→ Assigned task:
Your answer must be the lines of the entries below, exactly as written, from the first line through the line containing "Electric Lime".

(Stored data)
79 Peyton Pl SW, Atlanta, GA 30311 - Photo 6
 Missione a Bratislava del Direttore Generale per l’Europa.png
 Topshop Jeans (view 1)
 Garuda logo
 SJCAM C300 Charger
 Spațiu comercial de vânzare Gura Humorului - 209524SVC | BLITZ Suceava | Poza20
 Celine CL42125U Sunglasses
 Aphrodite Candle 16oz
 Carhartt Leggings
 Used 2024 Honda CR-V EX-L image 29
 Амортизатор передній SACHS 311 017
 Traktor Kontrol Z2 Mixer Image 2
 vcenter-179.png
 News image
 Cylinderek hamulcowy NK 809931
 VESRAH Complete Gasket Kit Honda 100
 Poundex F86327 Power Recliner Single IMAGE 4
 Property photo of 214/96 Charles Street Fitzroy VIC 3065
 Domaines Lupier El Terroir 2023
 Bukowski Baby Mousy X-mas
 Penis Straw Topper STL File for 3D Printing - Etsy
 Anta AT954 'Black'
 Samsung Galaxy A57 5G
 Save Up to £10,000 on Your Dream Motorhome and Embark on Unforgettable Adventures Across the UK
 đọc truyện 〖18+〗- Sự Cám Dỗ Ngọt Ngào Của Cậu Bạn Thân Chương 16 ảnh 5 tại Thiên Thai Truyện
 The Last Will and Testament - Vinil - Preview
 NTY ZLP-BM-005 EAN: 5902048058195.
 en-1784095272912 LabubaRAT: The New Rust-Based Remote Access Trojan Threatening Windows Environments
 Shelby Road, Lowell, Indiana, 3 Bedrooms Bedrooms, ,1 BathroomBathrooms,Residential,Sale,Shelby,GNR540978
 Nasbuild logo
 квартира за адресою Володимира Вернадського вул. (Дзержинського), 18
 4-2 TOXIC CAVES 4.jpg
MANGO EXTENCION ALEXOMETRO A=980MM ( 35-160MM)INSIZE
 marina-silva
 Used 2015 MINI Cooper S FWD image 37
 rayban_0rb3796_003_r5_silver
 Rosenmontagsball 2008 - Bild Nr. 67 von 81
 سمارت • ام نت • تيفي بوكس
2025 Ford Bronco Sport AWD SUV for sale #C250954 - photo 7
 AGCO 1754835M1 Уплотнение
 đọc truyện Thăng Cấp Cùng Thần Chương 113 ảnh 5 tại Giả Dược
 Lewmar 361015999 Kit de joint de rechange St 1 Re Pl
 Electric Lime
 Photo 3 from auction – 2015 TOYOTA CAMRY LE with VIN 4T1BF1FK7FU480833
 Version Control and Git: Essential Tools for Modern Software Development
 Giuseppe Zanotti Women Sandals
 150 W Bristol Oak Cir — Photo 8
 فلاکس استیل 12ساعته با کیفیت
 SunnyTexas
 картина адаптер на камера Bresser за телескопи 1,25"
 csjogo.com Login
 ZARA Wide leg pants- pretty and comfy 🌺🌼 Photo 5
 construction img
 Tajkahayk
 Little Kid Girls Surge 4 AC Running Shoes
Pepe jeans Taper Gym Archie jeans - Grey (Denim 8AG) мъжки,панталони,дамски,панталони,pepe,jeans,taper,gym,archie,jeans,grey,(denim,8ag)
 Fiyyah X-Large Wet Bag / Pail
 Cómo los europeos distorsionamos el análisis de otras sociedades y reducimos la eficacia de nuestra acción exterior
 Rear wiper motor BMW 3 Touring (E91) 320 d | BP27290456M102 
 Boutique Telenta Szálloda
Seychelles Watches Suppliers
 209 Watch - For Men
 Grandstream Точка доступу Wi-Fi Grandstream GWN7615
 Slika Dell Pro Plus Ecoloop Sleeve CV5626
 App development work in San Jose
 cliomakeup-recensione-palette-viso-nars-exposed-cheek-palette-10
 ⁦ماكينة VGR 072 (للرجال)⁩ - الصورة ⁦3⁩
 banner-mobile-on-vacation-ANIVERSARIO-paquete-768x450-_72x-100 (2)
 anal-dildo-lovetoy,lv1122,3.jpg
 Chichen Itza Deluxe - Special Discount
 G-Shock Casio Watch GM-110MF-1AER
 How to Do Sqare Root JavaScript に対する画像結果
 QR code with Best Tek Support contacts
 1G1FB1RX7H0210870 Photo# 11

→ Exercise output:
79 Peyton Pl SW, Atlanta, GA 30311 - Photo 6
 Missione a Bratislava del Direttore Generale per l’Europa.png
 Topshop Jeans (view 1)
 Garuda logo
 SJCAM C300 Charger
 Spațiu comercial de vânzare Gura Humorului - 209524SVC | BLITZ Suceava | Poza20
 Celine CL42125U Sunglasses
 Aphrodite Candle 16oz
 Carhartt Leggings
 Used 2024 Honda CR-V EX-L image 29
 Амортизатор передній SACHS 311 017
 Traktor Kontrol Z2 Mixer Image 2
 vcenter-179.png
 News image
 Cylinderek hamulcowy NK 809931
 VESRAH Complete Gasket Kit Honda 100
 Poundex F86327 Power Recliner Single IMAGE 4
 Property photo of 214/96 Charles Street Fitzroy VIC 3065
 Domaines Lupier El Terroir 2023
 Bukowski Baby Mousy X-mas
 Penis Straw Topper STL File for 3D Printing - Etsy
 Anta AT954 'Black'
 Samsung Galaxy A57 5G
 Save Up to £10,000 on Your Dream Motorhome and Embark on Unforgettable Adventures Across the UK
 đọc truyện 〖18+〗- Sự Cám Dỗ Ngọt Ngào Của Cậu Bạn Thân Chương 16 ảnh 5 tại Thiên Thai Truyện
 The Last Will and Testament - Vinil - Preview
 NTY ZLP-BM-005 EAN: 5902048058195.
 en-1784095272912 LabubaRAT: The New Rust-Based Remote Access Trojan Threatening Windows Environments
 Shelby Road, Lowell, Indiana, 3 Bedrooms Bedrooms, ,1 BathroomBathrooms,Residential,Sale,Shelby,GNR540978
 Nasbuild logo
 квартира за адресою Володимира Вернадського вул. (Дзержинського), 18
 4-2 TOXIC CAVES 4.jpg
MANGO EXTENCION ALEXOMETRO A=980MM ( 35-160MM)INSIZE
 marina-silva
 Used 2015 MINI Cooper S FWD image 37
 rayban_0rb3796_003_r5_silver
 Rosenmontagsball 2008 - Bild Nr. 67 von 81
 سمارت • ام نت • تيفي بوكس
2025 Ford Bronco Sport AWD SUV for sale #C250954 - photo 7
 AGCO 1754835M1 Уплотнение
 đọc truyện Thăng Cấp Cùng Thần Chương 113 ảnh 5 tại Giả Dược
 Lewmar 361015999 Kit de joint de rechange St 1 Re Pl
 Electric Lime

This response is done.